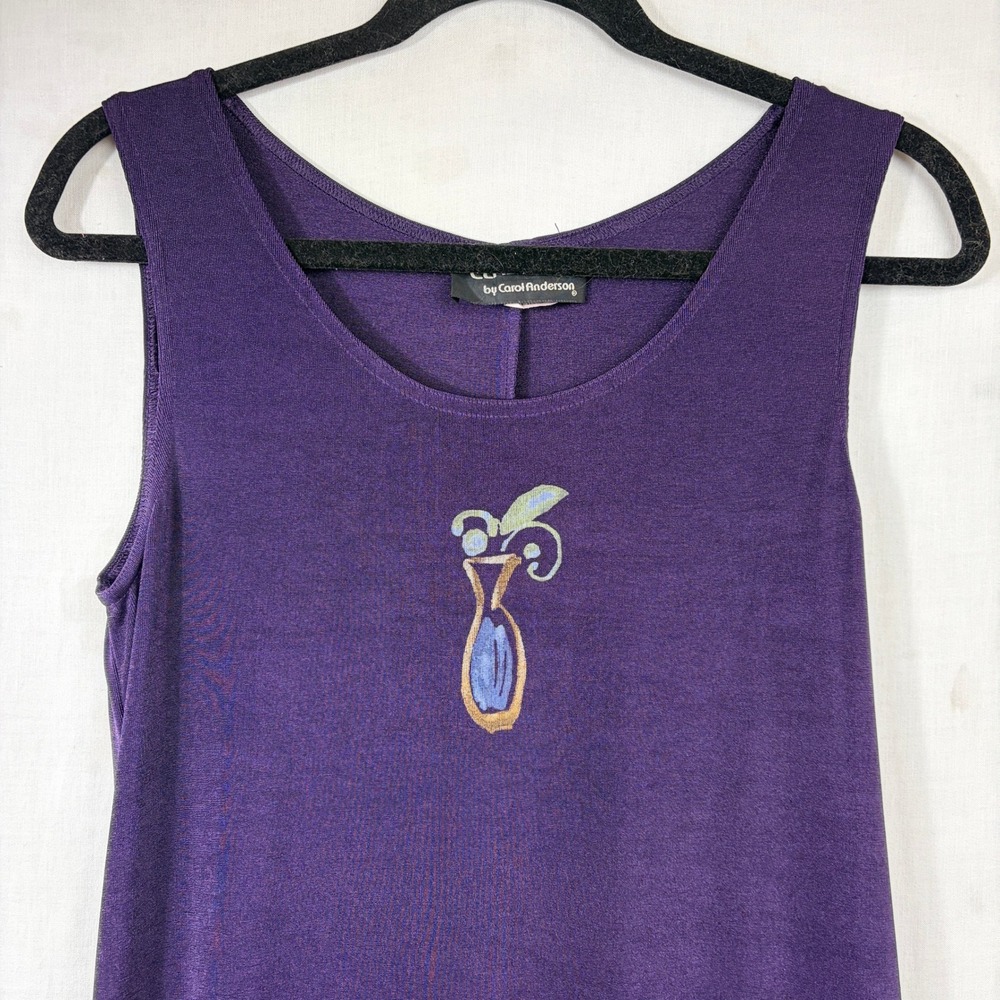 Carol Anderson Slinky Acetate Maxi Dress Sz Medium Sleeveless Artsy‎ Purple USA - Picture 2 of 9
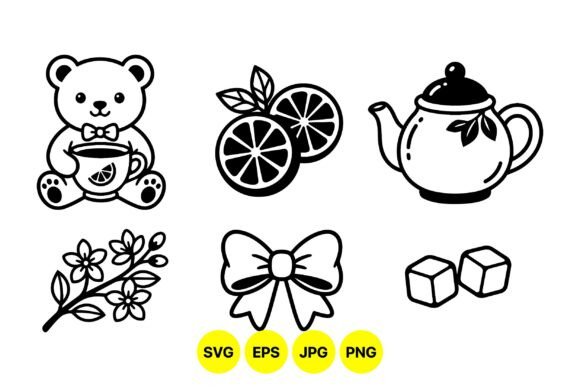 Cute Tea Time Vector Clipart: Graphics & Illustrations
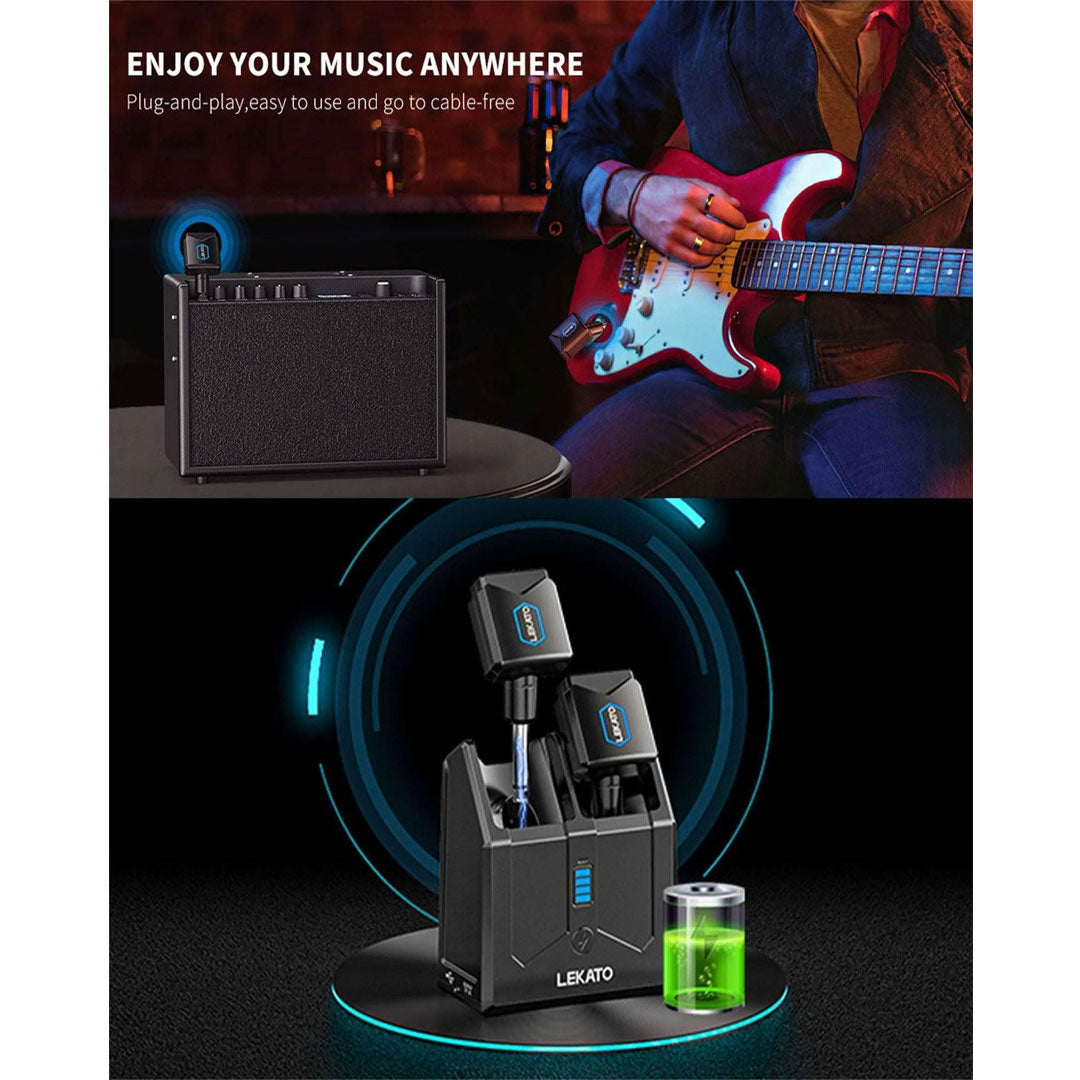 Lekato M03095 JW-06 5.8GHz Wireless Guitar System with Charging Box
++++
__EXERCISE REQUIREMENTS__. From the line containing "Cute Tea Time" down to the last line of the data above, transcribe exactly those lines and no others; omit the pictures.

__RESULT OF THIS TASK__.
 Cute Tea Time Vector Clipart: Graphics & Illustrations
 Lekato M03095 JW-06 5.8GHz Wireless Guitar System with Charging Box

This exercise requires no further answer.